— Problem requirements —
Write out all the material verbatim, line by line.
Information Block Start
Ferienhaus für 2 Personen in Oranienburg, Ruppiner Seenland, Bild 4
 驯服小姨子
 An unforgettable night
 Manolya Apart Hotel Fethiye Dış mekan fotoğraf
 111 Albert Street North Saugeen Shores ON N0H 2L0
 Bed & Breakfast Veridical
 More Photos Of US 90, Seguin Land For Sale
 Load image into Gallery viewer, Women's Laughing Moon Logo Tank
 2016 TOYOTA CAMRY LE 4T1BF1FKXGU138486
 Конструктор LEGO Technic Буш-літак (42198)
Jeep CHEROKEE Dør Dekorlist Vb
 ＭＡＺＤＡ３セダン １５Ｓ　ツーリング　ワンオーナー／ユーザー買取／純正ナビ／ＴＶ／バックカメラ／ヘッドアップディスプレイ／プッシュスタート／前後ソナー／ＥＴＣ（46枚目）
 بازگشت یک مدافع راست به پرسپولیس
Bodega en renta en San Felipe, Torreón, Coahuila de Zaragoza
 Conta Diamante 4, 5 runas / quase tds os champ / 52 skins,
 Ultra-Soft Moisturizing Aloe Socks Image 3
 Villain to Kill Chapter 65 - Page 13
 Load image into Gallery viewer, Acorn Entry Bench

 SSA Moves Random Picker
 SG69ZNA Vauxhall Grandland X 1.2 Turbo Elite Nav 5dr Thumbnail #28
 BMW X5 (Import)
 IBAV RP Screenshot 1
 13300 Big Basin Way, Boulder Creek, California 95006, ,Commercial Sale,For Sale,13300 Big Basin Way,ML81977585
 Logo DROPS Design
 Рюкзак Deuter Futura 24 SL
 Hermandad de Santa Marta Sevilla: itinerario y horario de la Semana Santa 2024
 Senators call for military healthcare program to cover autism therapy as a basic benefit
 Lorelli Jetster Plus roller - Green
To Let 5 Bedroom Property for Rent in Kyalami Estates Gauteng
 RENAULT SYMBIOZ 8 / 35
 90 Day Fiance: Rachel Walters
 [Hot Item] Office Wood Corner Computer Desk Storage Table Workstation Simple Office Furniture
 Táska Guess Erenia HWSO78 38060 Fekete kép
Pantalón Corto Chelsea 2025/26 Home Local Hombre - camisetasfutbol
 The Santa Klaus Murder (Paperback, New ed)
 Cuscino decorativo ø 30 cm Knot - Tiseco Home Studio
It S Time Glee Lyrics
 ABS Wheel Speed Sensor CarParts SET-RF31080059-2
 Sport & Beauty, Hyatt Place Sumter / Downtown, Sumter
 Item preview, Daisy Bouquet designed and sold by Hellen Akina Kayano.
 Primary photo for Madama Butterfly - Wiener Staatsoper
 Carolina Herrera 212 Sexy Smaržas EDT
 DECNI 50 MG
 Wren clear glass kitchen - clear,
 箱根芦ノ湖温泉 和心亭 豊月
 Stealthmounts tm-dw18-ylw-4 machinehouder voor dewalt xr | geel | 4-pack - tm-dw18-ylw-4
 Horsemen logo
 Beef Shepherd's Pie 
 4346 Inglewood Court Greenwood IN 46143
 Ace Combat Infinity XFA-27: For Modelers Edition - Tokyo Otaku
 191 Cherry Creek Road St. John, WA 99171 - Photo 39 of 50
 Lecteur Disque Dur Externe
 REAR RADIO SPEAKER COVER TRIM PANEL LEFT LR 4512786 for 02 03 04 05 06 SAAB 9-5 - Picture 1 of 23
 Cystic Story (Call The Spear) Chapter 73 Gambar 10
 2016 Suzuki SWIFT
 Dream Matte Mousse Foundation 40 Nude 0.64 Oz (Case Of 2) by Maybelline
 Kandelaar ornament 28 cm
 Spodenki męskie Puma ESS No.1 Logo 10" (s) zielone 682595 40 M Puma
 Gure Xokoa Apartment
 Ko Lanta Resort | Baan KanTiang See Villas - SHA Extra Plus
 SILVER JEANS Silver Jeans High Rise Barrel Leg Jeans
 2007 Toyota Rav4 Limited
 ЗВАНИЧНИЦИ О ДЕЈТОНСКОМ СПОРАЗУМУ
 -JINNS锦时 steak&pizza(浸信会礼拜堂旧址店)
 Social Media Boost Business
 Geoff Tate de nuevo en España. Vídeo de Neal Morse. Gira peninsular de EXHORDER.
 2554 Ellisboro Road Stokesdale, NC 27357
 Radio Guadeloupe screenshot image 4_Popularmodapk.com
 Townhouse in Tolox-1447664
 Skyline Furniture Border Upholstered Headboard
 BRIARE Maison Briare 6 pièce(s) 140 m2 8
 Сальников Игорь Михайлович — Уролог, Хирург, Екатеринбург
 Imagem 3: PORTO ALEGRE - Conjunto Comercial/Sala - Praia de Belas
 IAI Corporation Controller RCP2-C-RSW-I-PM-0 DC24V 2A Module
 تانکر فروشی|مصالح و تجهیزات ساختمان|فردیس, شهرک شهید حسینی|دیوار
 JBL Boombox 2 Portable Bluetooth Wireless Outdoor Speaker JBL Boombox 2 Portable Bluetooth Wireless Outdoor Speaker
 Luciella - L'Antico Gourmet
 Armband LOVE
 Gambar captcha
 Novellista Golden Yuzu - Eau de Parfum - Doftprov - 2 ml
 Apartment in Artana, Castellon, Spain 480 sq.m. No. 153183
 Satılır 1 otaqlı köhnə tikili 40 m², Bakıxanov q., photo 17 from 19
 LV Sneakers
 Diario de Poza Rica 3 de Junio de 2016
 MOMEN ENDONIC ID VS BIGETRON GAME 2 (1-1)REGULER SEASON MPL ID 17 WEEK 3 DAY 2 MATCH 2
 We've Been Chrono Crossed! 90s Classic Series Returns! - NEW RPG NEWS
Information Block End
— Answer below —
Ferienhaus für 2 Personen in Oranienburg, Ruppiner Seenland, Bild 4
 驯服小姨子
 An unforgettable night
 Manolya Apart Hotel Fethiye Dış mekan fotoğraf
 111 Albert Street North Saugeen Shores ON N0H 2L0
 Bed & Breakfast Veridical
 More Photos Of US 90, Seguin Land For Sale
 Load image into Gallery viewer, Women's Laughing Moon Logo Tank
 2016 TOYOTA CAMRY LE 4T1BF1FKXGU138486
 Конструктор LEGO Technic Буш-літак (42198)
Jeep CHEROKEE Dør Dekorlist Vb
 ＭＡＺＤＡ３セダン １５Ｓ　ツーリング　ワンオーナー／ユーザー買取／純正ナビ／ＴＶ／バックカメラ／ヘッドアップディスプレイ／プッシュスタート／前後ソナー／ＥＴＣ（46枚目）
 بازگشت یک مدافع راست به پرسپولیس
Bodega en renta en San Felipe, Torreón, Coahuila de Zaragoza
 Conta Diamante 4, 5 runas / quase tds os champ / 52 skins,
 Ultra-Soft Moisturizing Aloe Socks Image 3
 Villain to Kill Chapter 65 - Page 13
 Load image into Gallery viewer, Acorn Entry Bench

 SSA Moves Random Picker
 SG69ZNA Vauxhall Grandland X 1.2 Turbo Elite Nav 5dr Thumbnail #28
 BMW X5 (Import)
 IBAV RP Screenshot 1
 13300 Big Basin Way, Boulder Creek, California 95006, ,Commercial Sale,For Sale,13300 Big Basin Way,ML81977585
 Logo DROPS Design
 Рюкзак Deuter Futura 24 SL
 Hermandad de Santa Marta Sevilla: itinerario y horario de la Semana Santa 2024
 Senators call for military healthcare program to cover autism therapy as a basic benefit
 Lorelli Jetster Plus roller - Green
To Let 5 Bedroom Property for Rent in Kyalami Estates Gauteng
 RENAULT SYMBIOZ 8 / 35
 90 Day Fiance: Rachel Walters
 [Hot Item] Office Wood Corner Computer Desk Storage Table Workstation Simple Office Furniture
 Táska Guess Erenia HWSO78 38060 Fekete kép
Pantalón Corto Chelsea 2025/26 Home Local Hombre - camisetasfutbol
 The Santa Klaus Murder (Paperback, New ed)
 Cuscino decorativo ø 30 cm Knot - Tiseco Home Studio
It S Time Glee Lyrics
 ABS Wheel Speed Sensor CarParts SET-RF31080059-2
 Sport & Beauty, Hyatt Place Sumter / Downtown, Sumter
 Item preview, Daisy Bouquet designed and sold by Hellen Akina Kayano.
 Primary photo for Madama Butterfly - Wiener Staatsoper
 Carolina Herrera 212 Sexy Smaržas EDT
 DECNI 50 MG
 Wren clear glass kitchen - clear,
 箱根芦ノ湖温泉 和心亭 豊月
 Stealthmounts tm-dw18-ylw-4 machinehouder voor dewalt xr | geel | 4-pack - tm-dw18-ylw-4
 Horsemen logo
 Beef Shepherd's Pie 
 4346 Inglewood Court Greenwood IN 46143
 Ace Combat Infinity XFA-27: For Modelers Edition - Tokyo Otaku
 191 Cherry Creek Road St. John, WA 99171 - Photo 39 of 50
 Lecteur Disque Dur Externe
 REAR RADIO SPEAKER COVER TRIM PANEL LEFT LR 4512786 for 02 03 04 05 06 SAAB 9-5 - Picture 1 of 23
 Cystic Story (Call The Spear) Chapter 73 Gambar 10
 2016 Suzuki SWIFT
 Dream Matte Mousse Foundation 40 Nude 0.64 Oz (Case Of 2) by Maybelline
 Kandelaar ornament 28 cm
 Spodenki męskie Puma ESS No.1 Logo 10" (s) zielone 682595 40 M Puma
 Gure Xokoa Apartment
 Ko Lanta Resort | Baan KanTiang See Villas - SHA Extra Plus
 SILVER JEANS Silver Jeans High Rise Barrel Leg Jeans
 2007 Toyota Rav4 Limited
 ЗВАНИЧНИЦИ О ДЕЈТОНСКОМ СПОРАЗУМУ
 -JINNS锦时 steak&pizza(浸信会礼拜堂旧址店)
 Social Media Boost Business
 Geoff Tate de nuevo en España. Vídeo de Neal Morse. Gira peninsular de EXHORDER.
 2554 Ellisboro Road Stokesdale, NC 27357
 Radio Guadeloupe screenshot image 4_Popularmodapk.com
 Townhouse in Tolox-1447664
 Skyline Furniture Border Upholstered Headboard
 BRIARE Maison Briare 6 pièce(s) 140 m2 8
 Сальников Игорь Михайлович — Уролог, Хирург, Екатеринбург
 Imagem 3: PORTO ALEGRE - Conjunto Comercial/Sala - Praia de Belas
 IAI Corporation Controller RCP2-C-RSW-I-PM-0 DC24V 2A Module
 تانکر فروشی|مصالح و تجهیزات ساختمان|فردیس, شهرک شهید حسینی|دیوار
 JBL Boombox 2 Portable Bluetooth Wireless Outdoor Speaker JBL Boombox 2 Portable Bluetooth Wireless Outdoor Speaker
 Luciella - L'Antico Gourmet
 Armband LOVE
 Gambar captcha
 Novellista Golden Yuzu - Eau de Parfum - Doftprov - 2 ml
 Apartment in Artana, Castellon, Spain 480 sq.m. No. 153183
 Satılır 1 otaqlı köhnə tikili 40 m², Bakıxanov q., photo 17 from 19
 LV Sneakers
 Diario de Poza Rica 3 de Junio de 2016
 MOMEN ENDONIC ID VS BIGETRON GAME 2 (1-1)REGULER SEASON MPL ID 17 WEEK 3 DAY 2 MATCH 2
 We've Been Chrono Crossed! 90s Classic Series Returns! - NEW RPG NEWS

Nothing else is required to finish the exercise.